START Records supplied

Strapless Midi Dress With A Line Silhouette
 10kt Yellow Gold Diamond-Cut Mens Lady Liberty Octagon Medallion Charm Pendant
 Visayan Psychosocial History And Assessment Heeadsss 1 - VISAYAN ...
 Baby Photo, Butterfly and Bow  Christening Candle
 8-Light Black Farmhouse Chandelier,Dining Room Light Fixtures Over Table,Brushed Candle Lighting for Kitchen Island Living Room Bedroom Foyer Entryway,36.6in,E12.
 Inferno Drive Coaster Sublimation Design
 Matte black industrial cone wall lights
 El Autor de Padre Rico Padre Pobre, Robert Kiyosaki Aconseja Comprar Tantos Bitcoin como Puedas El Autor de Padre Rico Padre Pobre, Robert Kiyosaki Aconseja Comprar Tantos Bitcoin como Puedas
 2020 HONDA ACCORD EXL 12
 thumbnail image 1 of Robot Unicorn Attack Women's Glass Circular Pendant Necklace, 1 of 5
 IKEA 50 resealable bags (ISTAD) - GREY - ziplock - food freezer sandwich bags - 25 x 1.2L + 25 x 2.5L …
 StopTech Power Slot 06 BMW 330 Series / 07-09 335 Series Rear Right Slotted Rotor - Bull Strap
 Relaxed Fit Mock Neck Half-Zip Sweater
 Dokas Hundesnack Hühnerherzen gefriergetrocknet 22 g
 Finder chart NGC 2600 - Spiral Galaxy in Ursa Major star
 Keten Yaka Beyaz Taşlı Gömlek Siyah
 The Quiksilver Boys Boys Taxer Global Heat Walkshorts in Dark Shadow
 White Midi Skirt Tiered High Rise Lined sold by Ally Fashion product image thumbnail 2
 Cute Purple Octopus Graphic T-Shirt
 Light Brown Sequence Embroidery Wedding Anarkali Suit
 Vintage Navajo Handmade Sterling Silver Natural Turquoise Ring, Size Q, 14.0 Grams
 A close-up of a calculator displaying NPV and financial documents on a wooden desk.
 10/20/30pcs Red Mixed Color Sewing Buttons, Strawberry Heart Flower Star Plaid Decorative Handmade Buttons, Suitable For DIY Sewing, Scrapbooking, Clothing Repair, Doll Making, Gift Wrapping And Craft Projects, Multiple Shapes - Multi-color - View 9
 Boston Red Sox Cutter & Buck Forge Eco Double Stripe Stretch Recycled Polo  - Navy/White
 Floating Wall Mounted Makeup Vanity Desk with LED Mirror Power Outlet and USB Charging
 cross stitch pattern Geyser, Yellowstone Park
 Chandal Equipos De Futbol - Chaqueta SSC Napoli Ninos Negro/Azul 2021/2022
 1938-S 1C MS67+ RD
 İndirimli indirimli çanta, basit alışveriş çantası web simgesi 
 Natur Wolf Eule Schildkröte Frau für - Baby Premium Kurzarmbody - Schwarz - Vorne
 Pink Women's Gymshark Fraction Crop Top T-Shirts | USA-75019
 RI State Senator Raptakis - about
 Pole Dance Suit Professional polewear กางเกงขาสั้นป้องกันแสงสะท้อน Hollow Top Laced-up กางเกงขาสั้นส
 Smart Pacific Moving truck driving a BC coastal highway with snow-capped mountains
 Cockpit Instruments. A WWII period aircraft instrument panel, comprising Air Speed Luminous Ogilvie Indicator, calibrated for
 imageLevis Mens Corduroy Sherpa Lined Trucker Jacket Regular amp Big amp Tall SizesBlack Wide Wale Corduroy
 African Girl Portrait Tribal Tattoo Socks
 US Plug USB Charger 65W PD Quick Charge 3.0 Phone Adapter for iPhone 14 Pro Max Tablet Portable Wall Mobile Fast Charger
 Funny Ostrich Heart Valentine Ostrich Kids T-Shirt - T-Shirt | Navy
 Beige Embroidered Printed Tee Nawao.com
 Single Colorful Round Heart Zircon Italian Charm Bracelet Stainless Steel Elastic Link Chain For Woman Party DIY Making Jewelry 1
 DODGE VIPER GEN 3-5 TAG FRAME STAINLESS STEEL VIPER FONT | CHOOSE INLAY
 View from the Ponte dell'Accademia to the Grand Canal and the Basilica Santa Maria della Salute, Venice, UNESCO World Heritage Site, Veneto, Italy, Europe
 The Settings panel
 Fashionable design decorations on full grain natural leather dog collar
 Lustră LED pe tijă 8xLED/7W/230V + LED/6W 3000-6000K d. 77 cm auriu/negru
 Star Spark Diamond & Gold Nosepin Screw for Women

END Records supplied

* What you should do
Everything from the first line of the material through the line containing "Relaxed Fit Mock Neck Half-Zip Sweater" is to be printed exactly; lines after that are to be left out.

* Task result
Strapless Midi Dress With A Line Silhouette
 10kt Yellow Gold Diamond-Cut Mens Lady Liberty Octagon Medallion Charm Pendant
 Visayan Psychosocial History And Assessment Heeadsss 1 - VISAYAN ...
 Baby Photo, Butterfly and Bow  Christening Candle
 8-Light Black Farmhouse Chandelier,Dining Room Light Fixtures Over Table,Brushed Candle Lighting for Kitchen Island Living Room Bedroom Foyer Entryway,36.6in,E12.
 Inferno Drive Coaster Sublimation Design
 Matte black industrial cone wall lights
 El Autor de Padre Rico Padre Pobre, Robert Kiyosaki Aconseja Comprar Tantos Bitcoin como Puedas El Autor de Padre Rico Padre Pobre, Robert Kiyosaki Aconseja Comprar Tantos Bitcoin como Puedas
 2020 HONDA ACCORD EXL 12
 thumbnail image 1 of Robot Unicorn Attack Women's Glass Circular Pendant Necklace, 1 of 5
 IKEA 50 resealable bags (ISTAD) - GREY - ziplock - food freezer sandwich bags - 25 x 1.2L + 25 x 2.5L …
 StopTech Power Slot 06 BMW 330 Series / 07-09 335 Series Rear Right Slotted Rotor - Bull Strap
 Relaxed Fit Mock Neck Half-Zip Sweater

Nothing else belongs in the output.